At the end of heeling, there is an audition to earn one’s spot in the Guild. Most who begin the process played the piano, or another instrument, or at least were familiar with reading music, prior to coming to Yale. Therefore, the team is entirely full of walk-ons. But every once in a while, someone “asks to learn although they have no interest in auditioning, and just wants to learn to read bass and treble clef and try the instrument,” says Chiu. “And I have taken in some students and taught them anyway.” We might call these participants a practice squad.

“Weekly recitals are typically performed in groups of two or three; the Guild has a cultural norm that encourages real-time constructive feedback on performances; and, members often circulate recordings of their playing to garner feedback,” says Michael Solotke ’13, MED ’21, SOM ’21, who was a member of the Guild from 2010–2013 and returned as a graduate affiliate in 2016. “When I was an undergraduate, it was not uncommon for Guild members to ask for other members to join them at the Carillon during their weekly performances to provide feedback. We also often play duets, which cultivates teamwork and builds a sense of connection.”

Additionally, the current members have their own Faculty Advisory, or coach, if you will. This year, “coach” Kathryn Alexander, from the Yale Department of Music, leads the team.

And the team does not just have home games. They also play on the road together.

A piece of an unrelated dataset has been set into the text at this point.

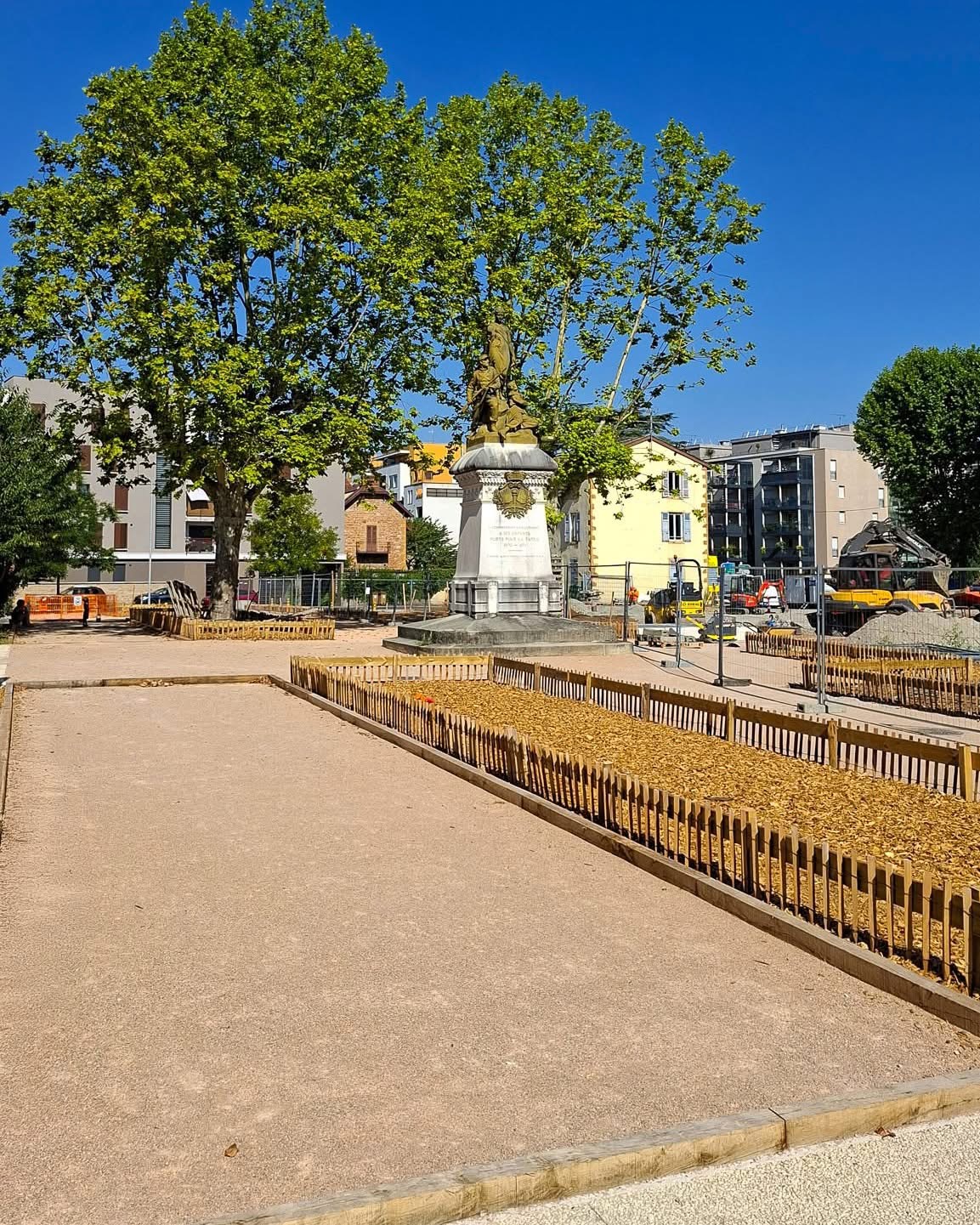 Place du Promenoir devant notre maison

At other Carillons across the country, the Guild plays away games, where they learn from other coaches and play on other fields across the nation and even in Europe.

The Guild, partially from these road trips, but also from their passion for the bells of Yale, feels like more than just another extracurricular group.

“We have weekly group/team dinners,” Chiu proudly proclaims. “We meet to play board games in Dutch. It feels very social. You are there to do the work, sure. But you also gain a family…For most members, it is a pretty central part of our lives. For many members you find the best friends you have at Yale, because of shared interest, because of travelling. There is something that is shared beyond music. And people love doing it. I always think, ‘oh my god! It’s my ring time!’”

“The people that are going to put in the tons of effort to learn this strange music, there is something that bonds them,” Brandt said. “There is something strange about them. People don’t realize how hard it is, how much time it takes — even just the practicing.”

“When it is crappy weather and I play a happy piece, I always hope the people down below are a bit happier,” Brandt added.

And they often are.

“I think,” says Chiu, “because it is the ambiance of your four years at Yale, for any person on this street, it is the soundtrack of your tenure. Even if you don’t appreciate music at all, even if you don’t know what a carillon should or should not sound like, you should recognize that it is part of the routine of your day. I am going to dinner, I hear the bells. I am leaving dinner. I hear the bells. People often say, ‘I have known this sound. I just didn’t know it was you playing it.’”

For many, this team’s soundtrack colors the way they will remember Yale.

“My sense is that many (most?) Yale students have had some memorable moment related to the Carillon or Harkness Tower, whether that’s hearing a Carillon rendition of a song they particularly like, waking up from a particularly good afternoon nap to the sound of the bells, or walking around campus and suddenly seeing Harkness Tower from a new angle,” remarks Solotke. “It’s easy to take these moments for granted, but I believe they are privileges we have as Yale students that help give meaning to our experiences here.”

I couldn’t agree more and am so thankful for our team of Carilloneurs.